======== RECORDS FOR THIS EXERCISE ========

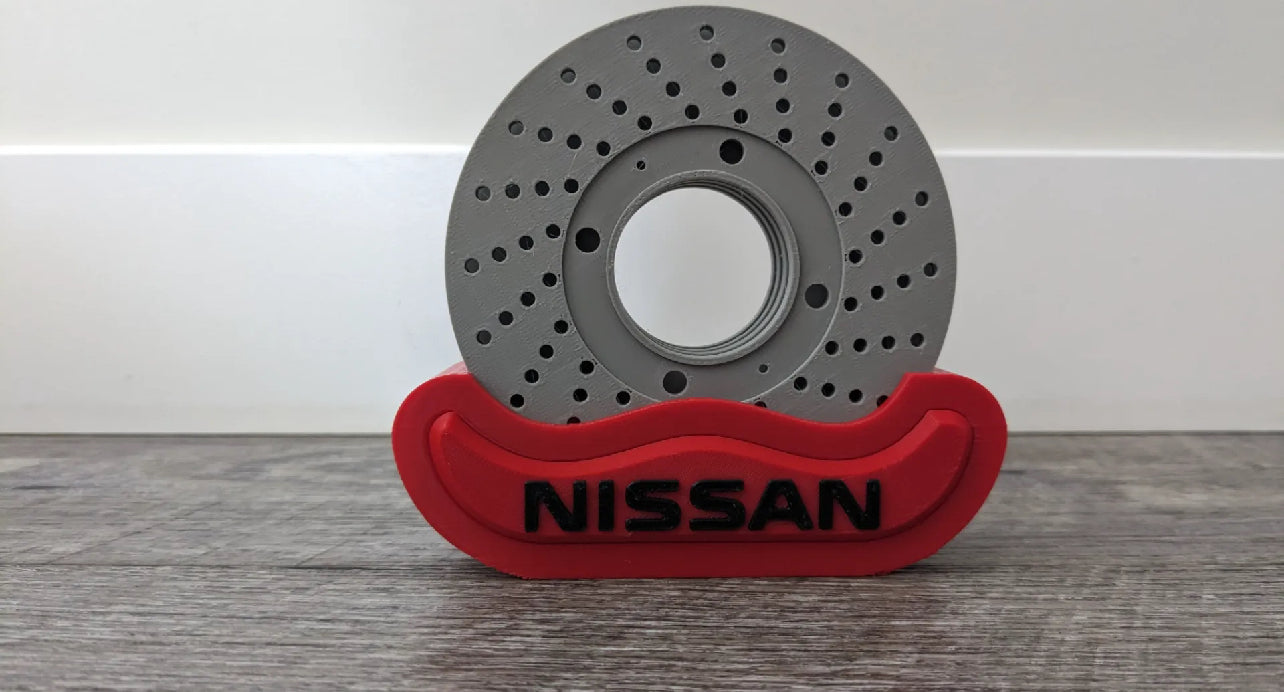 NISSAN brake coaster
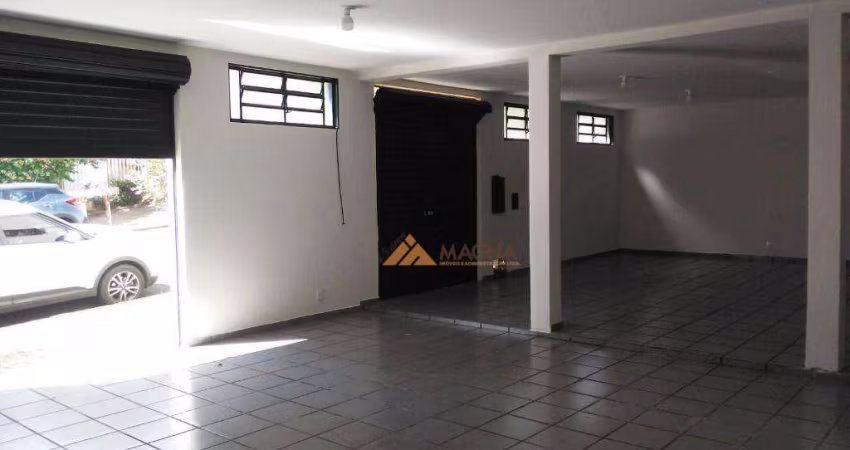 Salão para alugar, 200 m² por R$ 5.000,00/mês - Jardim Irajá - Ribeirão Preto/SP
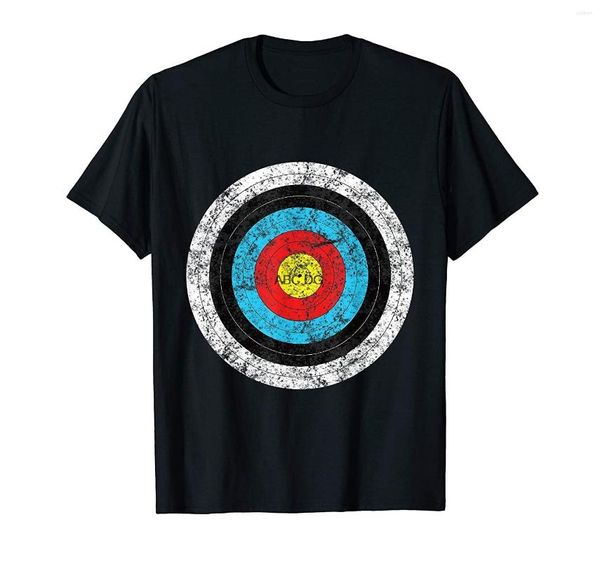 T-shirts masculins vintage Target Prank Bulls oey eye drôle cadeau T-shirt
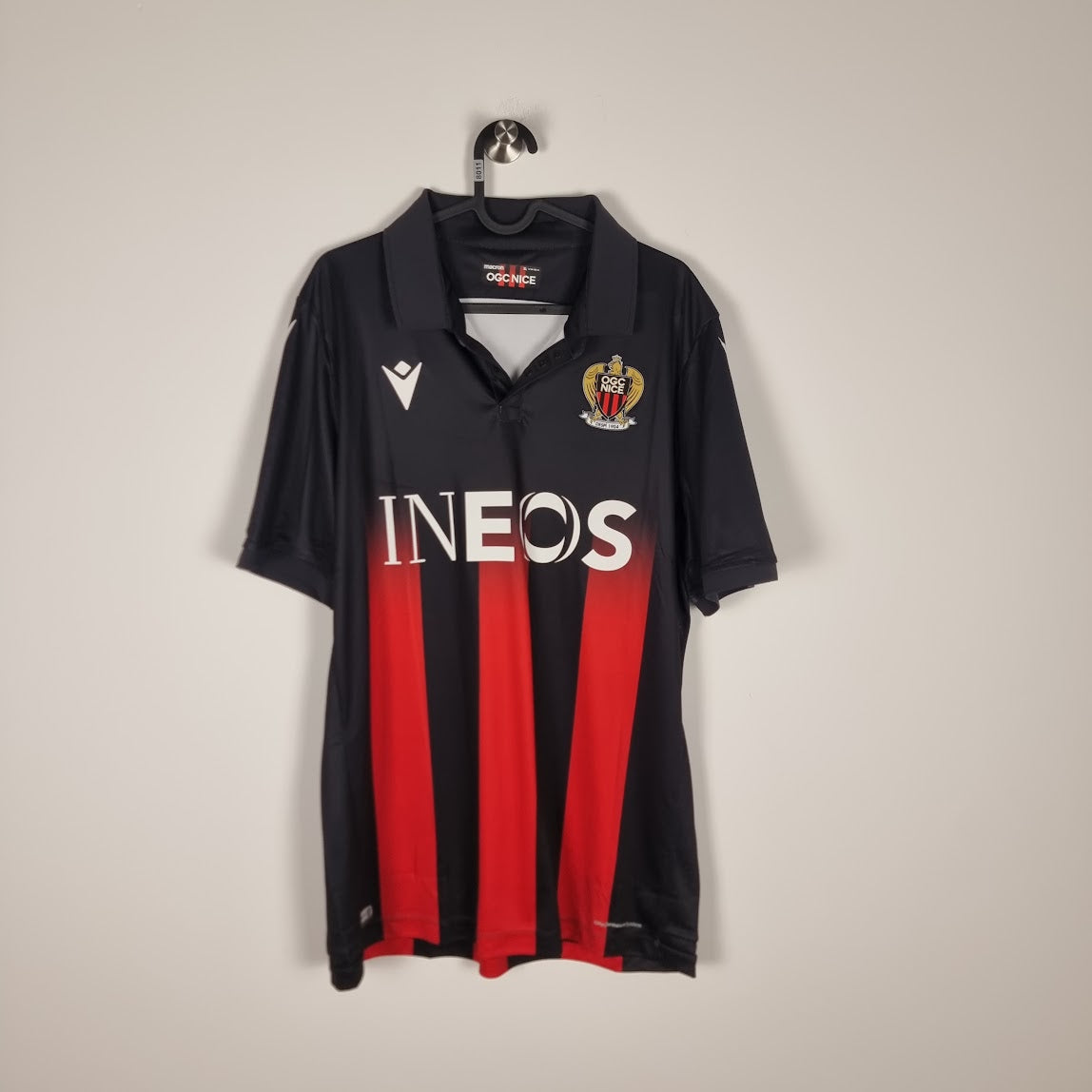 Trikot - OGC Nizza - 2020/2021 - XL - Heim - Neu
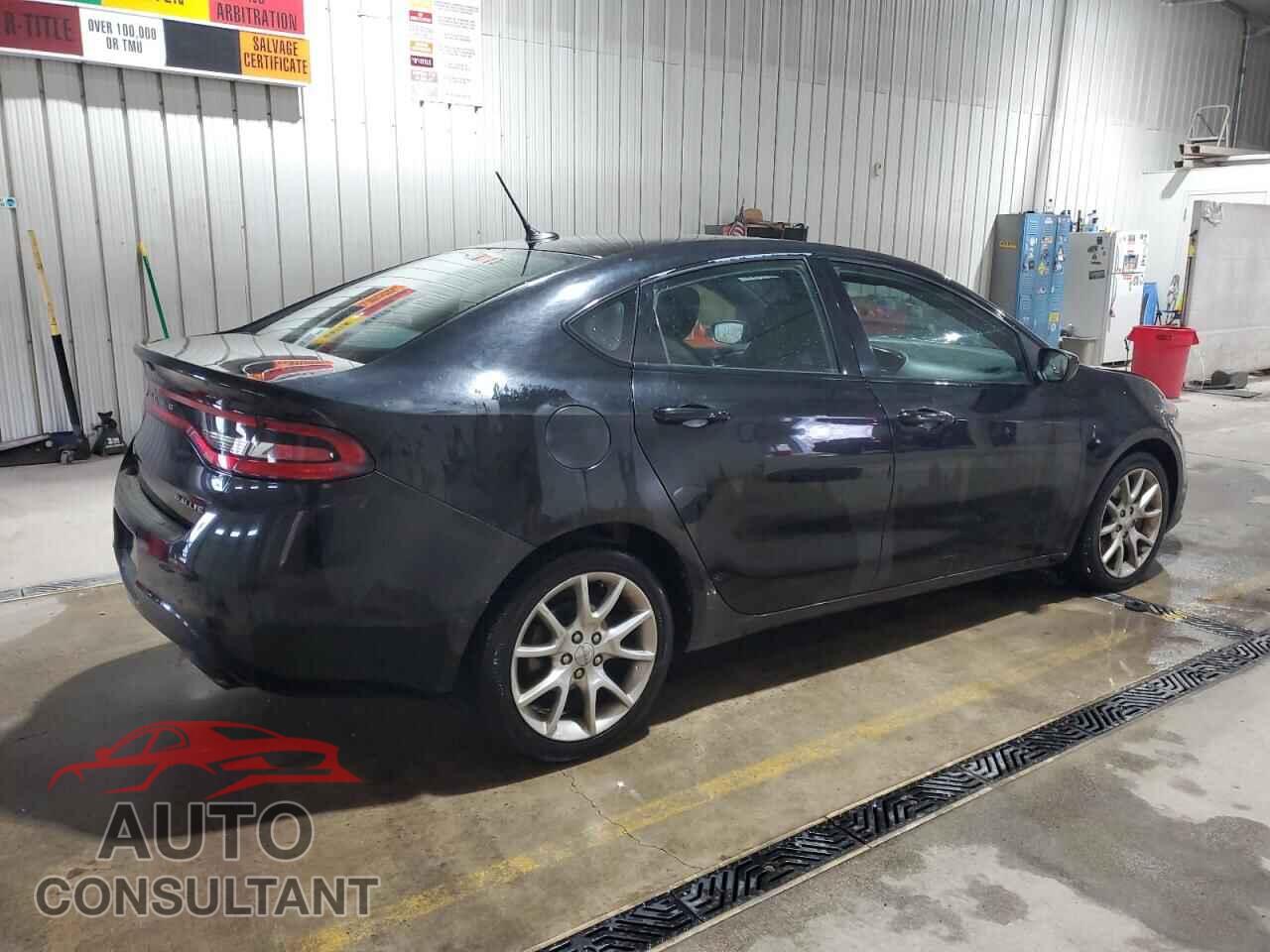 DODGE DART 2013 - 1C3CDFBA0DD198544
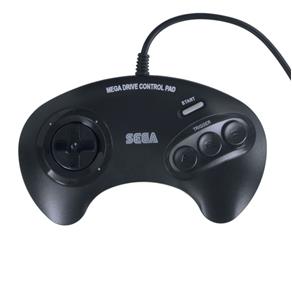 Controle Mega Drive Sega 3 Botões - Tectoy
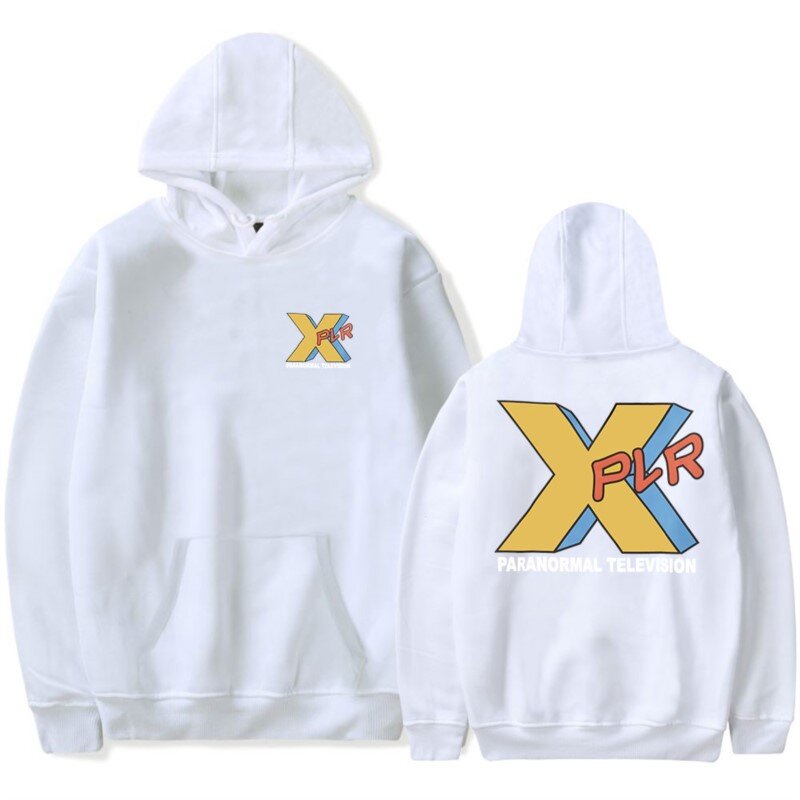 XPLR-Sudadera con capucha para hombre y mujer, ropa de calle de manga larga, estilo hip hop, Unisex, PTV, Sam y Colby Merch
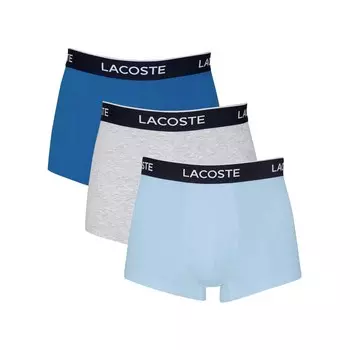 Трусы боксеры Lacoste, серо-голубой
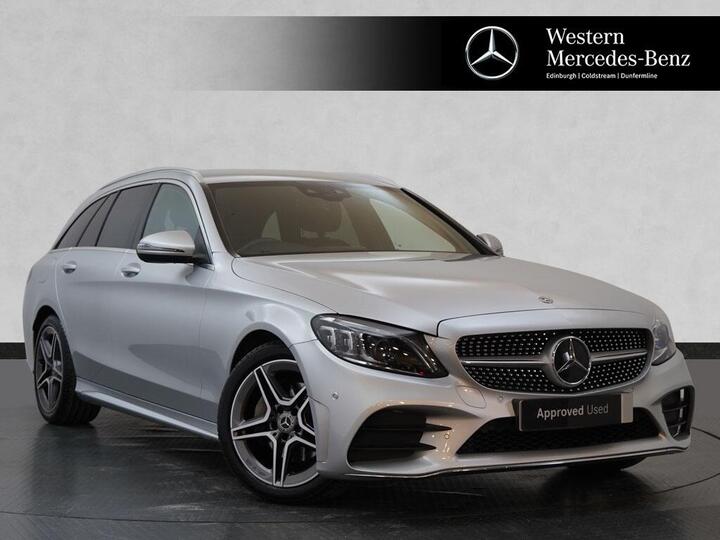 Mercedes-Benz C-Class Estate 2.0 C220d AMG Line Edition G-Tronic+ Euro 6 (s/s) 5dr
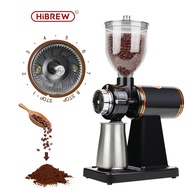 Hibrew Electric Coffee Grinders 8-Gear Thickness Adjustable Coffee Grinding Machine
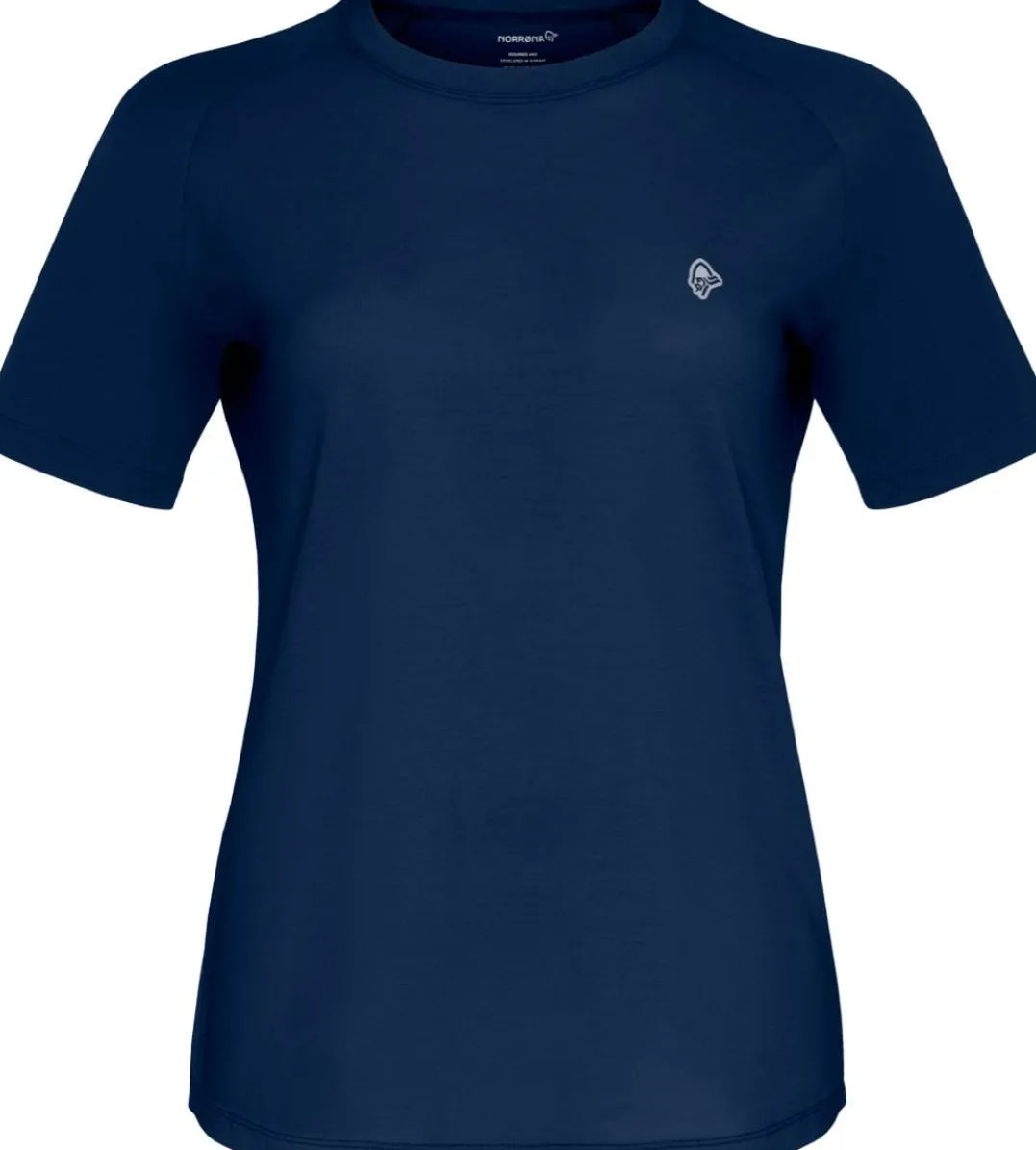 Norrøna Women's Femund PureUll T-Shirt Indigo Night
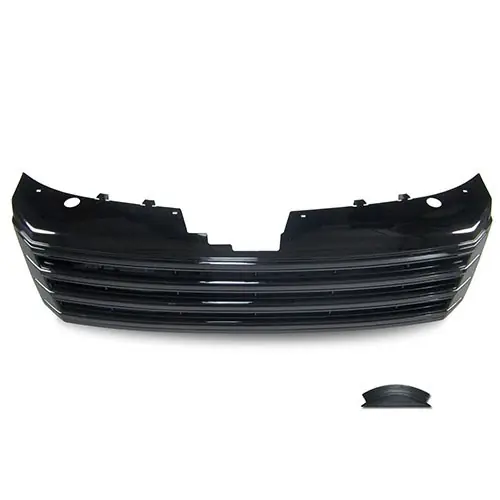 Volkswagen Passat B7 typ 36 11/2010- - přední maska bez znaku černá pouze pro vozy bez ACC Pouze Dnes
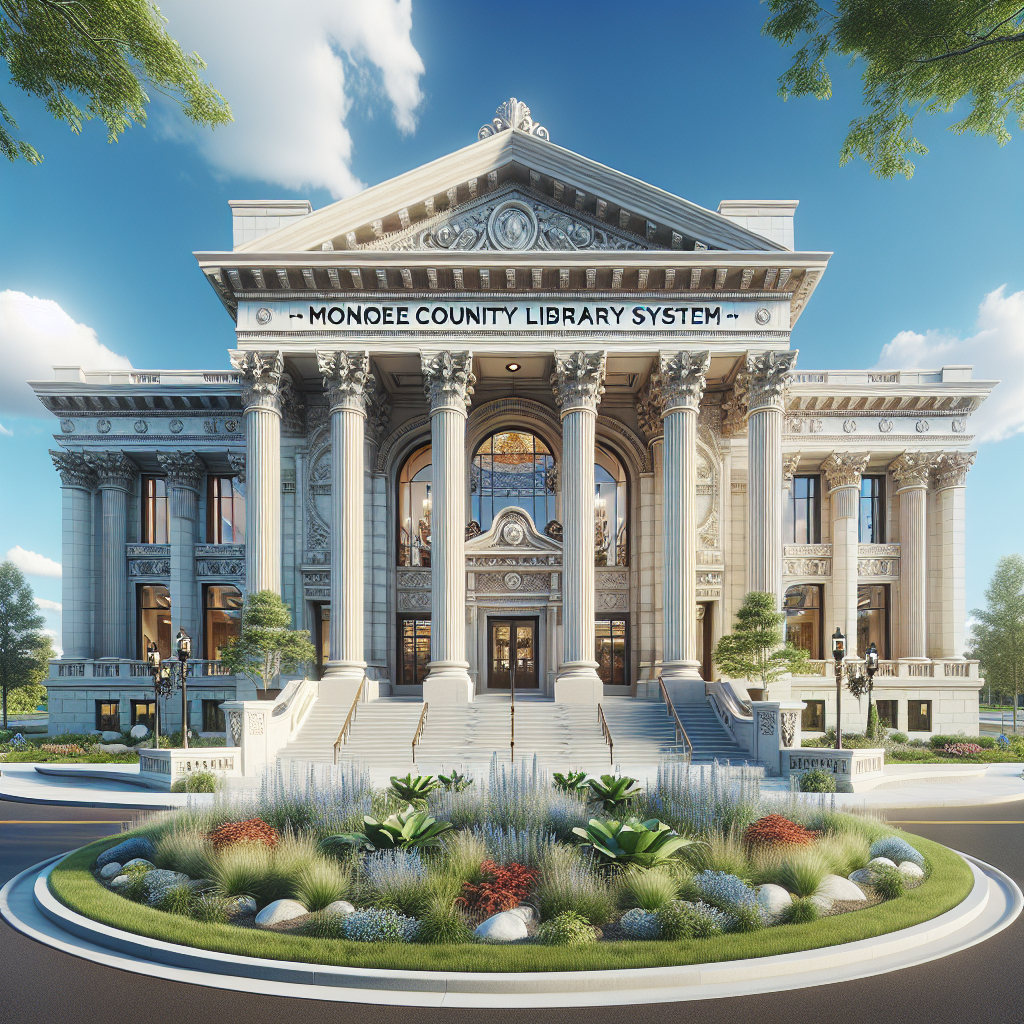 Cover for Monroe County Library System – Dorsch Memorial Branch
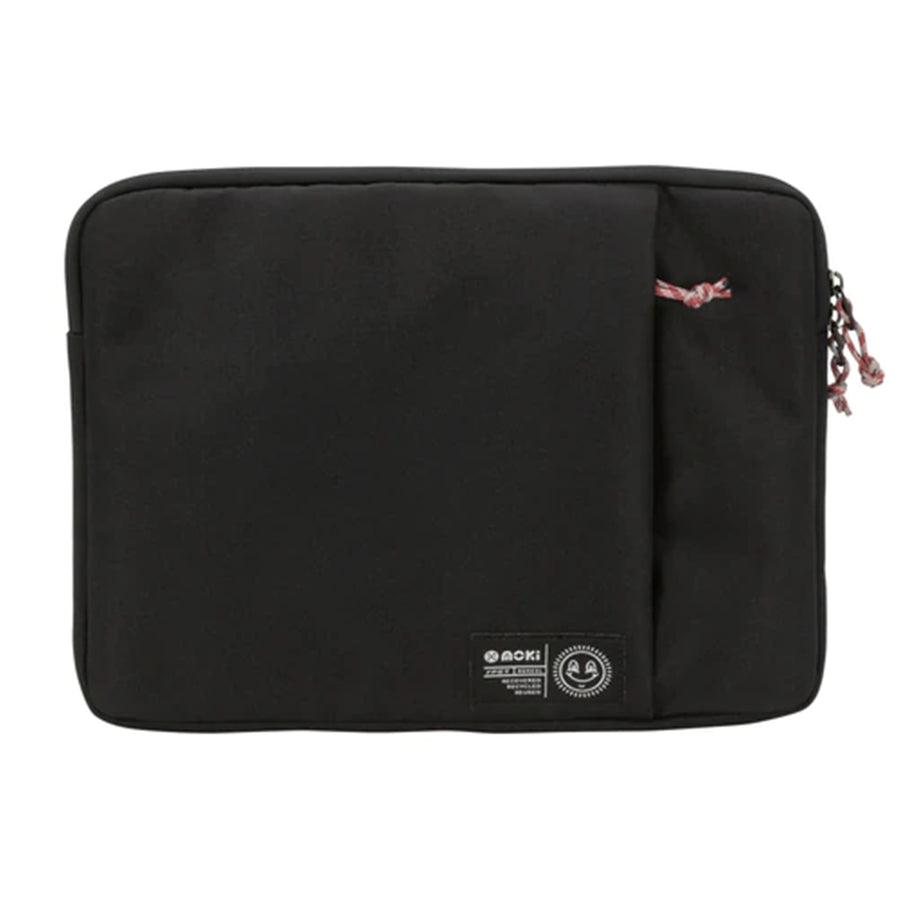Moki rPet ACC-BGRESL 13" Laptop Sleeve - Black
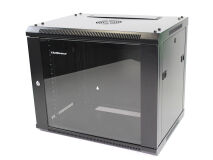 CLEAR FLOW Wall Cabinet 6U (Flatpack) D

========

WHAT IS BEING ASKED
Without altering anything, output all the lines above but none of the images.

RESULT OF THIS TASK
 NISSAN brake coaster
 Salão para alugar, 200 m² por R$ 5.000,00/mês - Jardim Irajá - Ribeirão Preto/SP
 T-shirts masculins vintage Target Prank Bulls oey eye drôle cadeau T-shirt
 Trikot - OGC Nizza - 2020/2021 - XL - Heim - Neu
 DODGE DART 2013 - 1C3CDFBA0DD198544
 Controle Mega Drive Sega 3 Botões - Tectoy
 XPLR-Sudadera con capucha para hombre y mujer, ropa de calle de manga larga, estilo hip hop, Unisex, PTV, Sam y Colby Merch
 Трусы боксеры Lacoste, серо-голубой
 Mercedes-Benz C-Class Estate 2.0 C220d AMG Line Edition G-Tronic+ Euro 6 (s/s) 5dr
 Hibrew Electric Coffee Grinders 8-Gear Thickness Adjustable Coffee Grinding Machine
 Norrøna Women's Femund PureUll T-Shirt Indigo Night
 Volkswagen Passat B7 typ 36 11/2010- - přední maska bez znaku černá pouze pro vozy bez ACC Pouze Dnes
 Cover for Monroe County Library System – Dorsch Memorial Branch
Moki rPet ACC-BGRESL 13" Laptop Sleeve - Black
 CLEAR FLOW Wall Cabinet 6U (Flatpack) D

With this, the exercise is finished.